Input START

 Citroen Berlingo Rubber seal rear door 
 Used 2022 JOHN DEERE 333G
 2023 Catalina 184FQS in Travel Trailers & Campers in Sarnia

Input END
Input START

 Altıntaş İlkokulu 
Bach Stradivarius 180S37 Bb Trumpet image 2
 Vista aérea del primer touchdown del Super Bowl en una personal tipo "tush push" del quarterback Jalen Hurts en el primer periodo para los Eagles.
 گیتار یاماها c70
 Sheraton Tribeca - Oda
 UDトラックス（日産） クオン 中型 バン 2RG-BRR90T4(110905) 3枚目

Input END

● **Work to be completed**
Send back an exact copy of only the lines from the line with "Bach Stradivarius 180S37 Bb Trumpet image 2" up to and including the line with "UDトラックス（日産） クオン 中型" in the data above.

● **Task result**
Bach Stradivarius 180S37 Bb Trumpet image 2
 Vista aérea del primer touchdown del Super Bowl en una personal tipo "tush push" del quarterback Jalen Hurts en el primer periodo para los Eagles.
 گیتار یاماها c70
 Sheraton Tribeca - Oda
 UDトラックス（日産） クオン 中型 バン 2RG-BRR90T4(110905) 3枚目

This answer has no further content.